全くリアクションに困って仕方がない解答が返ってきた。俺の期待に応える気など毛頭無いらしい。期待をしたのは俺の勝手だが若干の怒りが込み上げる。本当に悪魔になりそうだ。いや、180度話の腰を折ってくるのはこの男の日常だった。ある意味期待通りではある。



「だから……、金貨掴んだら有罪だって」

「はははっ!その辺のおまわりに捕まるほど俺はマヌケじゃないな!うまく逃げてやるさ。その時はお前も一緒にな」

「そう言う問題じゃ…」

「よし、坊や!」



ガン、と椅子を引き倒しながらダンテは勢い良く立ち上がった。積み上がった林檎が一つ、バランスを崩して転がり落ちる。
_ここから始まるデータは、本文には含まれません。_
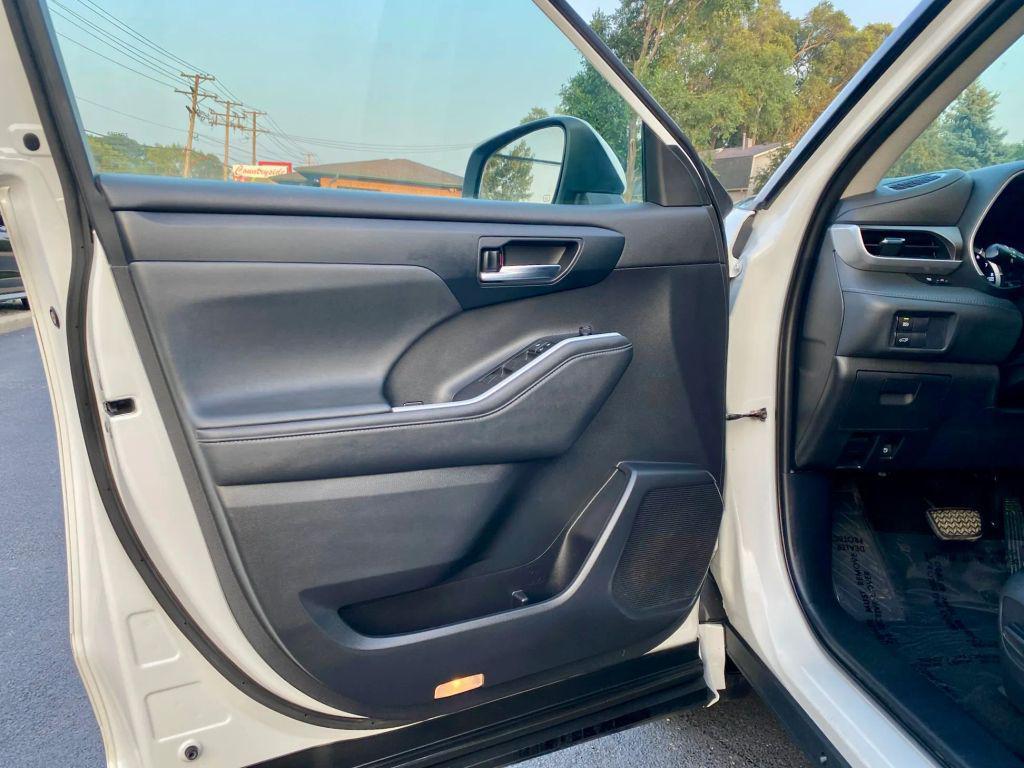 used 2021 Toyota Highlander car, priced at $27,999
男は無駄にスタイリッシュにその林檎をキャッチすると、俺に突き付けてこう言った。



「この林檎、売りに行こうぜ。市場まで」

「は?」

「果樹園のもぎたて林檎だ。うまく捌けば高く売れる」

「……ヤダよ。めんでくせぇ」

「この林檎売った金でストロベリーサンデーを食いに行こう!な!デートだと思って!」

「………………」

「坊や、さては“わらしべちょうじゃ”を知らないな?ガキの頃に読む本を間違えたんじゃないのか?」

「わらし……?なんだそれ?」

「自分にとってはなんの価値もない物が巡り巡ってすげぇもんに化けるって話だ。だから、もしかしたらこの林檎が…」

「……」

「坊やの心に化けるかもしれない」



つまり彼が言いたいことは、こうだ。
林檎を売って、小遣いを稼いで、二人でストロベリーサンデーを食べて、ちょっといい雰囲気になって、甘い気分になって、そのまま夜を楽しもう、と言う魂胆だ。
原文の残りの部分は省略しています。